▸ Exercise aim:
The span to copy runs from the line containing "this 1003×1204 image." to the last line below. Copy it exactly, with nothing else.

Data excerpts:
◇ ◇ ◇
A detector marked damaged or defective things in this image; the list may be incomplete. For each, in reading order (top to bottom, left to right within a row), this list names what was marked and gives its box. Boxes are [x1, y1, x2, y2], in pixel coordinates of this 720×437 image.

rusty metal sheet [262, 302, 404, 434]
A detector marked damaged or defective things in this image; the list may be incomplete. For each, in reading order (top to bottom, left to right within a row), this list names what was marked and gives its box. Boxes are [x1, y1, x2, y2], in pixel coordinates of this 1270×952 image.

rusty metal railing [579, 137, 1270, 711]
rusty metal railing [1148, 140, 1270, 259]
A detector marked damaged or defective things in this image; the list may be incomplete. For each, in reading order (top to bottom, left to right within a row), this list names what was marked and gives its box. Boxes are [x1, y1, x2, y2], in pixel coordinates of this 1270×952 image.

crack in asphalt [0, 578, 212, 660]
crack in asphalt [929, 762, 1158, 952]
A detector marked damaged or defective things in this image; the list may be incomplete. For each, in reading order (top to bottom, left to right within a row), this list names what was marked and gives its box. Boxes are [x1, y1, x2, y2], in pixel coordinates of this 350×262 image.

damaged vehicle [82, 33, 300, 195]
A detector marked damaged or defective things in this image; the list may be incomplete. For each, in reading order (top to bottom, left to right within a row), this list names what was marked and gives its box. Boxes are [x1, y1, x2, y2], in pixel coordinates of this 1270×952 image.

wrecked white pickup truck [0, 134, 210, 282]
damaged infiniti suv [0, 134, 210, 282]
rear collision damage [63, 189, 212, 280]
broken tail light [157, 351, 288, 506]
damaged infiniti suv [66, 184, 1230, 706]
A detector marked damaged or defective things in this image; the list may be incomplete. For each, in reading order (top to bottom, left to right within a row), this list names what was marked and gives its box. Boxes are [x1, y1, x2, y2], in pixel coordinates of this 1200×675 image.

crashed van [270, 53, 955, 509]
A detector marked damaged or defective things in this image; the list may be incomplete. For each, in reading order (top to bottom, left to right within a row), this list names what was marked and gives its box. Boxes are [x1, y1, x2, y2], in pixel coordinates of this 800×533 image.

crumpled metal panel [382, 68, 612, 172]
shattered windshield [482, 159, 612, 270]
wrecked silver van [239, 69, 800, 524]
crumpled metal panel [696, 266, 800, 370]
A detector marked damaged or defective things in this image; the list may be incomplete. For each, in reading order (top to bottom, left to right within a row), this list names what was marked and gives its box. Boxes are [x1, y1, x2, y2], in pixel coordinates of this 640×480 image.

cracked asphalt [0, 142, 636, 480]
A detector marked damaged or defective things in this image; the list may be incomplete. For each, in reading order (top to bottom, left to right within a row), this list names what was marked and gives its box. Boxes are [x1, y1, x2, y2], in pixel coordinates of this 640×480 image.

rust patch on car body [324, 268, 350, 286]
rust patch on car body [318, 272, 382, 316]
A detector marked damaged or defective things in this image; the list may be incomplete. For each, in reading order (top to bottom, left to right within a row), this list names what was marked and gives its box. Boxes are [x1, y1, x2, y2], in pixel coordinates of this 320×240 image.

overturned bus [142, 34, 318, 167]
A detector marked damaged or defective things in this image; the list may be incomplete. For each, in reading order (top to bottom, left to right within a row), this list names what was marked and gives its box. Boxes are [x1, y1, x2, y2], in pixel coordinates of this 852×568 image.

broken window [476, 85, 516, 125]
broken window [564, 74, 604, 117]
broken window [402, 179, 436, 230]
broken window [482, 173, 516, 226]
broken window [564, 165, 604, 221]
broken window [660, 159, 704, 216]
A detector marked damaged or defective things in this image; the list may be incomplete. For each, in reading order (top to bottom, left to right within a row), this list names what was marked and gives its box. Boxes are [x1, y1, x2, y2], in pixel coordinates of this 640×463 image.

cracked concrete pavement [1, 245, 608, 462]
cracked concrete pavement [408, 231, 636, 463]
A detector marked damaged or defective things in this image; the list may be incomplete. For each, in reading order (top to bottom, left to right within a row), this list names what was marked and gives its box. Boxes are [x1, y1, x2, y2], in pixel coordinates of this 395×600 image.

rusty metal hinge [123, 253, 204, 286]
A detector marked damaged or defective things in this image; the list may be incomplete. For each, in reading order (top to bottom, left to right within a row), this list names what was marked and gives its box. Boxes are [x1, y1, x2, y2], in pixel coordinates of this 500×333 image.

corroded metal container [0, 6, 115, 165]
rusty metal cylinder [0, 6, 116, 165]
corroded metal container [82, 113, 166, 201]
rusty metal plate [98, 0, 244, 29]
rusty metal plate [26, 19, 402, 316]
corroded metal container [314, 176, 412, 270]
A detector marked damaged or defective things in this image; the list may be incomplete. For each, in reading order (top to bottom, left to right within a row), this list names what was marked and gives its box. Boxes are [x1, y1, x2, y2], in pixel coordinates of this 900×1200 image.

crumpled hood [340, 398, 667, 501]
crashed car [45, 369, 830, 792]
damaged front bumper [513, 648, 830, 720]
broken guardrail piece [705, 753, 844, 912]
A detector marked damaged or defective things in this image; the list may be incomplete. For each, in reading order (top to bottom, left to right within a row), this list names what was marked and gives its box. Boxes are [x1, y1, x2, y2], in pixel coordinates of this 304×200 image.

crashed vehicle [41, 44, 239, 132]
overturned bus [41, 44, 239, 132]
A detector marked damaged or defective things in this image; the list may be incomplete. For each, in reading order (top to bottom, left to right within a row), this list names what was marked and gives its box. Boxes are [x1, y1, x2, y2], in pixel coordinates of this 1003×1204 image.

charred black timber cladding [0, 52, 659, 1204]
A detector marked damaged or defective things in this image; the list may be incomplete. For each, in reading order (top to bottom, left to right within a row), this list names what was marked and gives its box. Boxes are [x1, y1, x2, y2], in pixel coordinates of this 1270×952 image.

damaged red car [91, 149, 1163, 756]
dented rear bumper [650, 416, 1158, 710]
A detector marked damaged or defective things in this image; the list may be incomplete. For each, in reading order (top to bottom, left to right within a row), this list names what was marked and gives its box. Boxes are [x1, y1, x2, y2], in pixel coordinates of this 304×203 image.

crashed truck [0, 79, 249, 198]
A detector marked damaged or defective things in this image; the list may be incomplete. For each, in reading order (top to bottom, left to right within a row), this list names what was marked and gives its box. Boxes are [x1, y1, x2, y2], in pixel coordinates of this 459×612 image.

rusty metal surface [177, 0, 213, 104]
◇ ◇ ◇
▸ Task output:
A detector marked damaged or defective things in this image; the list may be incomplete. For each, in reading order (top to bottom, left to right within a row), this list names what was marked and gives its box. Boxes are [x1, y1, x2, y2], in pixel coordinates of this 1003×1204 image.

charred black timber cladding [0, 52, 659, 1204]
A detector marked damaged or defective things in this image; the list may be incomplete. For each, in reading order (top to bottom, left to right within a row), this list names what was marked and gives its box. Boxes are [x1, y1, x2, y2], in pixel coordinates of this 1270×952 image.

damaged red car [91, 149, 1163, 756]
dented rear bumper [650, 416, 1158, 710]
A detector marked damaged or defective things in this image; the list may be incomplete. For each, in reading order (top to bottom, left to right within a row), this list names what was marked and gives its box. Boxes are [x1, y1, x2, y2], in pixel coordinates of this 304×203 image.

crashed truck [0, 79, 249, 198]
A detector marked damaged or defective things in this image; the list may be incomplete. For each, in reading order (top to bottom, left to right within a row), this list names what was marked and gives its box. Boxes are [x1, y1, x2, y2], in pixel coordinates of this 459×612 image.

rusty metal surface [177, 0, 213, 104]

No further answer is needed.